**Instructions to follow:** Locate "5 seater sofa" in the records below, then copy its line and every following line exactly, without the pictures.

**Image-caption web data:**
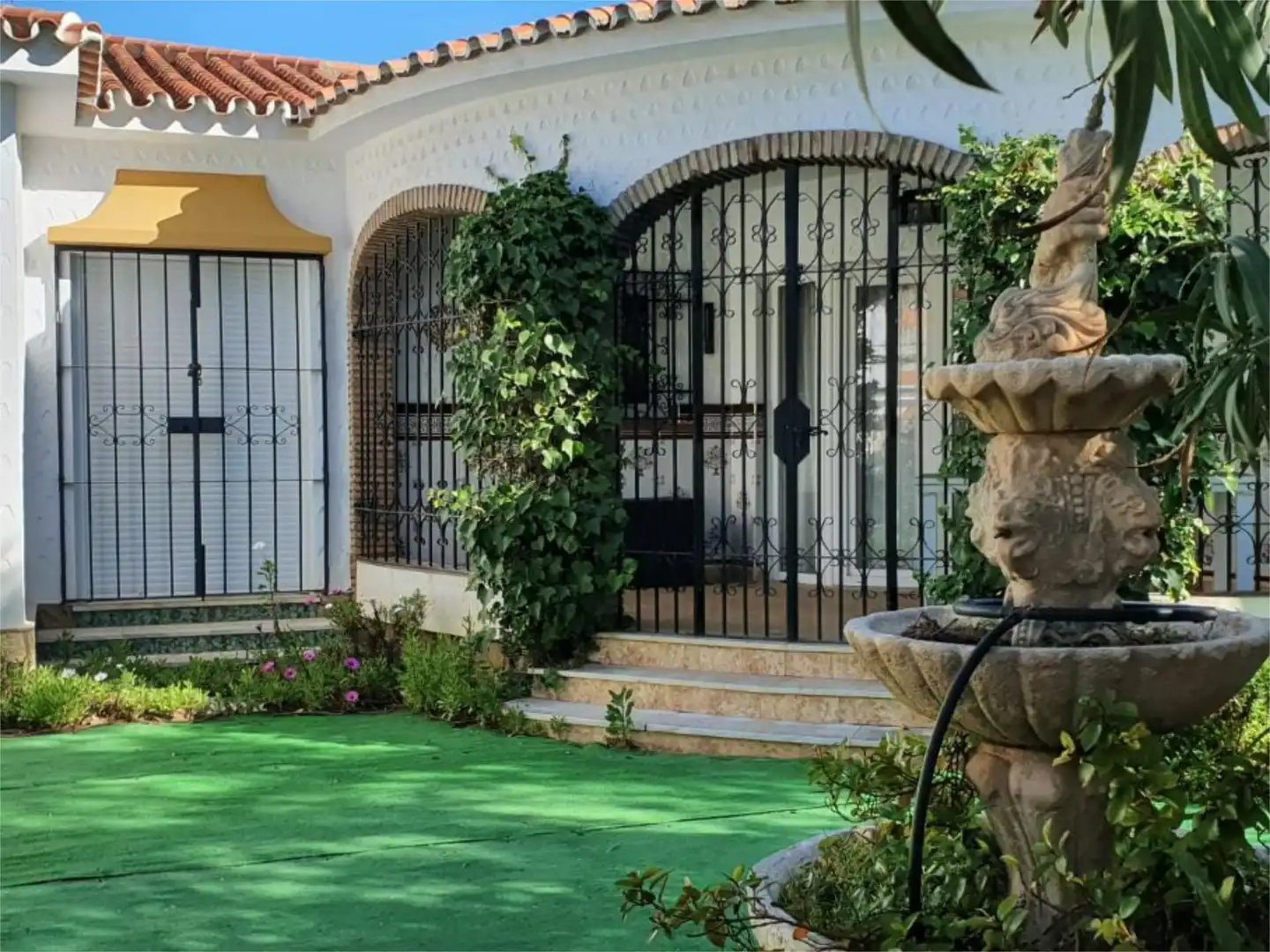 Casa o chalet en venta en Calle Mijas, 9, Centro Internacional Jardín de Casa o chalet en venta en Torrox con Aire acondicionado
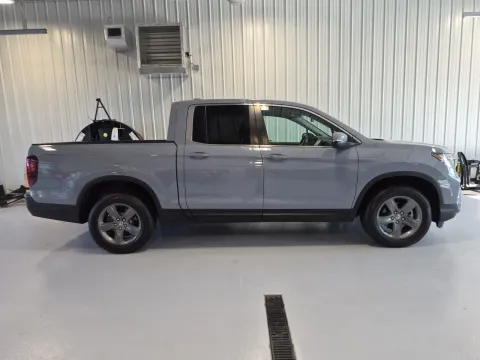 Photos of 2023 Honda Ridgeline RTL for sale in Tea, SD at CarSwap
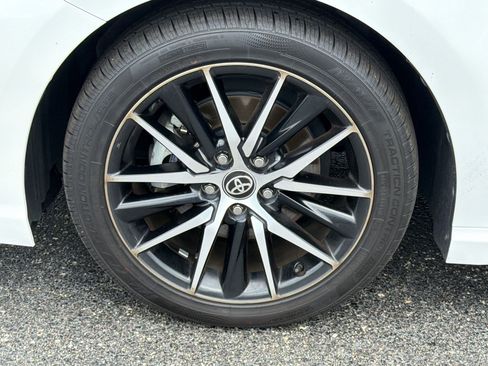 Used 2024 Toyota Camry SE FWD image 13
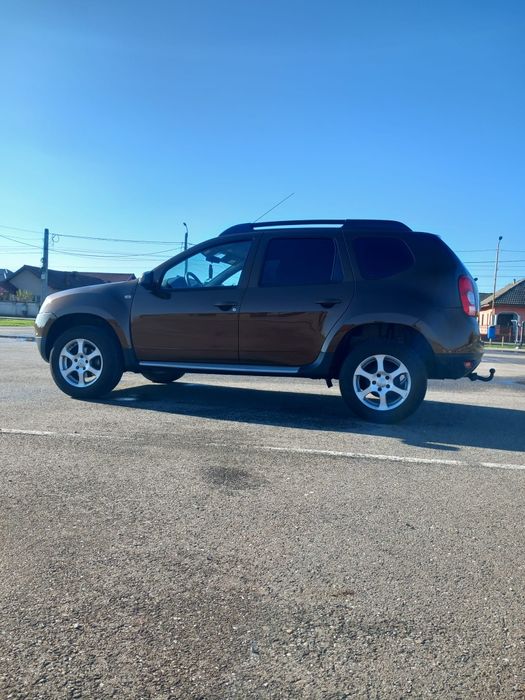 Vând Duster an 2013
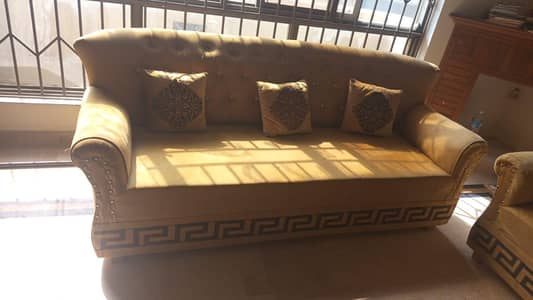 5 seater sofa set with table set for sale in 10/10 condition.
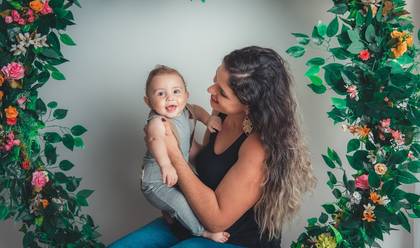 Crianças de Theo 8 meses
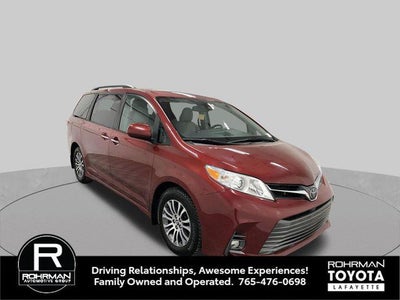2019 Toyota Sienna XLE 8 Passenger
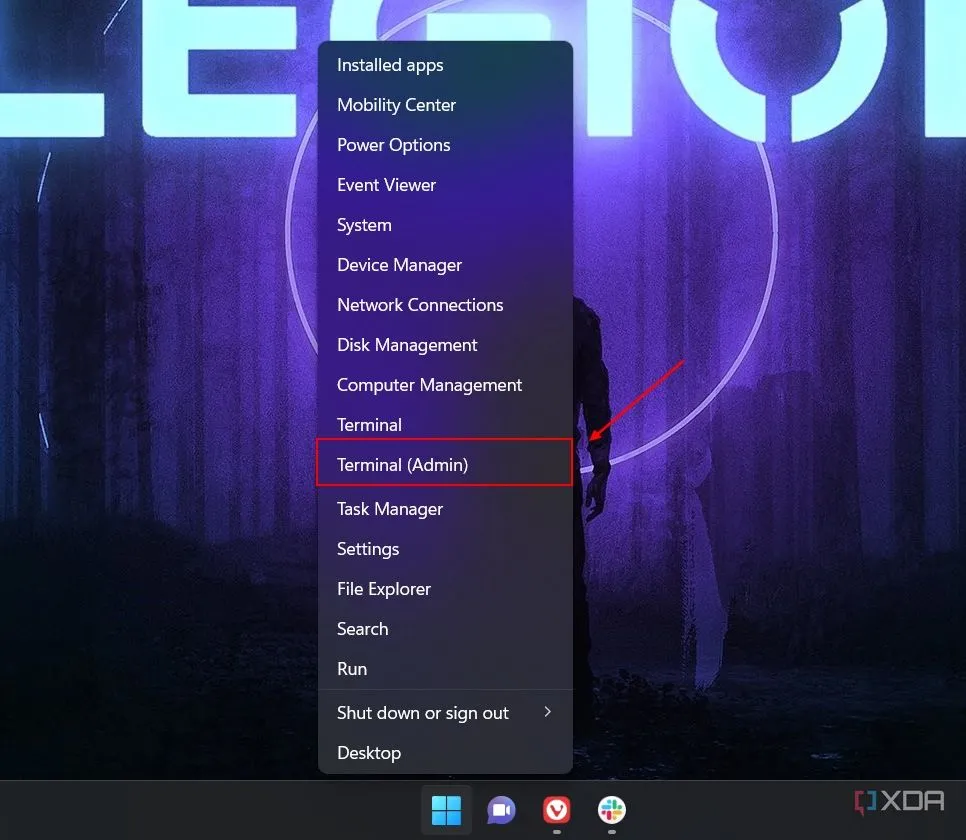 Mở Windows Terminal (Admin) từ menu chuột phải của biểu tượng Start trong Windows 11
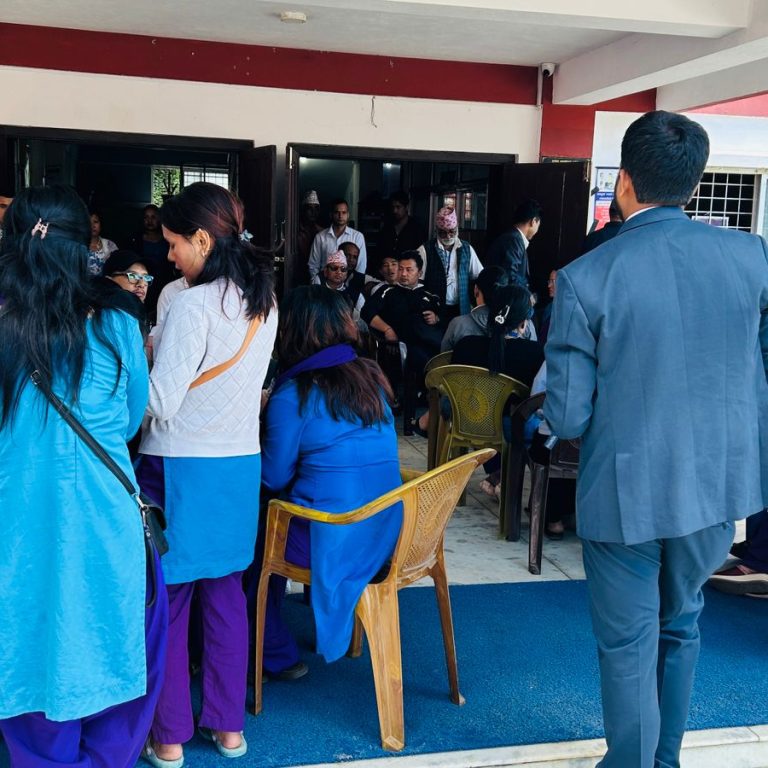 वडाध्यक्षको अभिव्यक्तिप्रति आपत्ति उठाउँदै फुङलिङ नगरपालिकाका कर्मचारी ‘पेन डाउन’मा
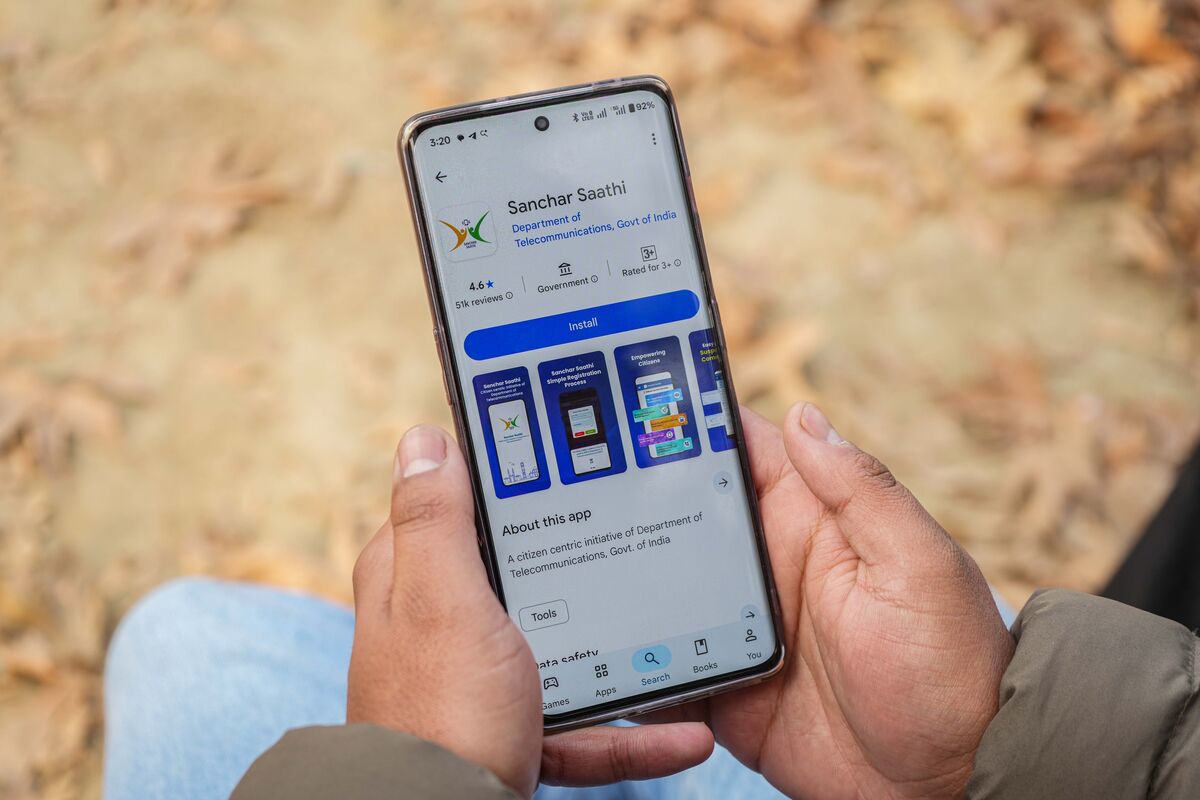 Techmeme: After a backlash, India says its pre-installed cybersecurity app is optional for users, who have complete freedom to activate, or delete the app at any time (Shruti Srivastava/Bloomberg)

**Output of the exercise:**
 5 seater sofa set with table set for sale in 10/10 condition.
 Crianças de Theo 8 meses
2019 Toyota Sienna XLE 8 Passenger
 Mở Windows Terminal (Admin) từ menu chuột phải của biểu tượng Start trong Windows 11
 वडाध्यक्षको अभिव्यक्तिप्रति आपत्ति उठाउँदै फुङलिङ नगरपालिकाका कर्मचारी ‘पेन डाउन’मा
 Techmeme: After a backlash, India says its pre-installed cybersecurity app is optional for users, who have complete freedom to activate, or delete the app at any time (Shruti Srivastava/Bloomberg)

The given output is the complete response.